Сало размял в заскорузлых пальцах папиросу, прикурил от чьей-то услужливо поднесенной спички и, глядя, как тает дым в затхлом воздухе, мрачно сказал:
— Если каждая сявка по своему разумению жить начнет, нам, паханам, — крышка. Не будет этого!
...В здешних краях темнеет рано, и, когда к вахте подходят первые колонны заключенных, на вышках уже горят прожектора. Подъем в семь, съем с работы в семь, уходят колонны — темно, приходят — тоже темно. Получил свою пайку черняшки, миску баланды, час до отбоя, и не успеваешь, кажется, уснуть — «Подъем! И уже горят прожектора на вышках, где с винтовками топчатся в тулупах часовые, за колючкой рабочий двор, конвой с собаками, вкалывай до темноты, потом съем, вахта, пересчет, барак. Он сразу задышит паром, людским гомоном, кто-то меняет черняшку на махорку, кто-то пытается взбить слежавшийся, набитый соломой тюфяк, у кого-то сперли с просушки рабочие ботинки первого срока и заменили каким-то рваньем. Только в самом дальнем углу барака стоит торжественная тишина. Над неизвестно откуда взявшейся чистой простыней, постеленной на краю нар, священнодействует Федька Косой. Отточенной до тусклого блеска финкой он толстыми ломтями нарезает колбасу, жирную селедку, белый свежайший хлеб и главную закуску — розоватое, с прожилками копченого мяса, сало. Бутылки со спиртом уже открыты, стоят два граненых стакана и кружки.

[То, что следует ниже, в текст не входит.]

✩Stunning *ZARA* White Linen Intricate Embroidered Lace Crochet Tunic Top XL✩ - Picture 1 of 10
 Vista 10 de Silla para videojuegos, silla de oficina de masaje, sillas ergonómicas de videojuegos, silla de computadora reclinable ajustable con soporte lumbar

На почетном месте, привычно скрестив ноги, сидит Сало. Рядом с ним бригадир и нарядчик, а вокруг них сгрудилась вся саловская кодла и нетерпеливо поглядывают то на Сало, то в глубину барака.
— Вот он! — крикнул Федька Косой. — Пришел!
— Зови! — приказал Сало.
Федька спрыгнул и пошел в глубь барака. Алешка Рыскалов уже снял с ног промокшие бахилы и искал свободное место на печке, чтобы поставить их сушиться.
— Одевай обратно свои прахари! — ухмыльнулся Федька. — А можешь и в носках, если не очень воняют. Ждут тебя!
— Кому это я понадобился? — устало опустился на нары Рыскалов.
— Просят отужинать в компании порядочных людей! — продолжал свой треп Федька.
— Уже поужинал, — мрачно сказал Рыскалов.
— Какой же это ужин? — сплюнул Федька. — Рыбкин суп?! — И уже серьезно, вполголоса, сообщил: — Сало ждет на сабантуй. Без тебя не начинают. Бригадир там, нарядчик тоже.
— Я-то им зачем? — насторожился Рыскалов.
— Мое дело — свистнуть! — ответил Федька. — Не тяни. Люди ждут.
— Ладно, — пожал плечами Рыскалов. — Пойдем.
Рыскалов натянул на ноги мокрые еще бахилы и пошел за Федькой в глубину барака, угол которого занимали блатные.